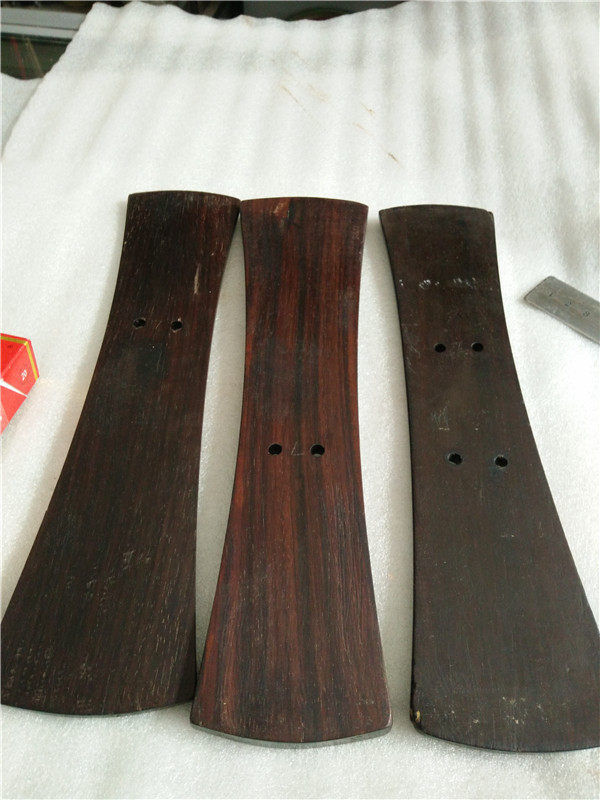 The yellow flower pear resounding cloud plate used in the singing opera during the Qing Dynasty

########

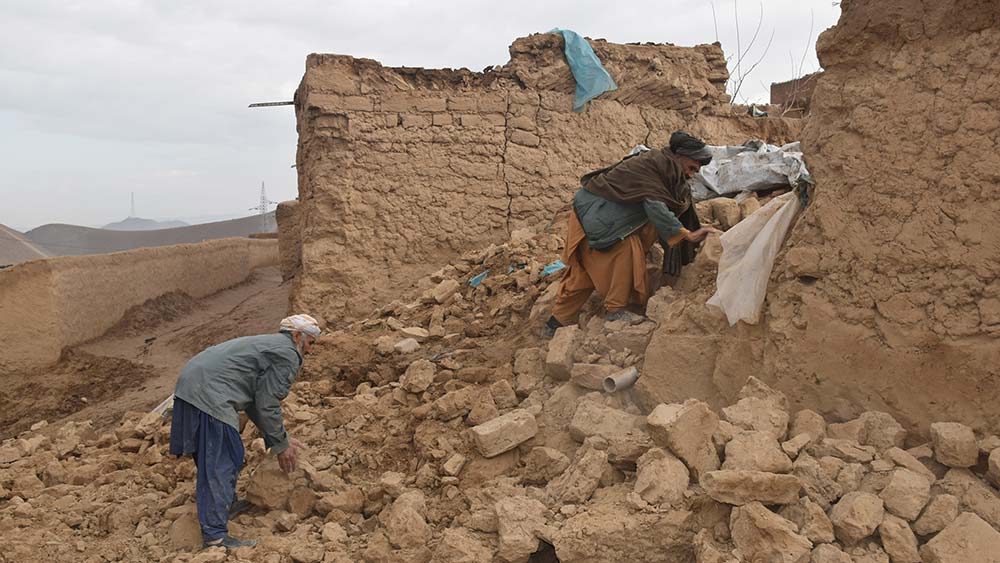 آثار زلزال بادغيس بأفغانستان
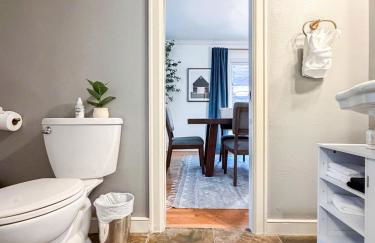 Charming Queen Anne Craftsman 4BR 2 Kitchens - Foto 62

########

◆ ASSIGNED TASK
Would you give again, exactly, the lines in the data above that run from the line containing "آثار زلزال بادغيس بأفغانستان" to the line containing "Charming Queen Anne"? Include both ends and no pictures.

◆ EXERCISE RESULT
 آثار زلزال بادغيس بأفغانستان
 Charming Queen Anne Craftsman 4BR 2 Kitchens - Foto 62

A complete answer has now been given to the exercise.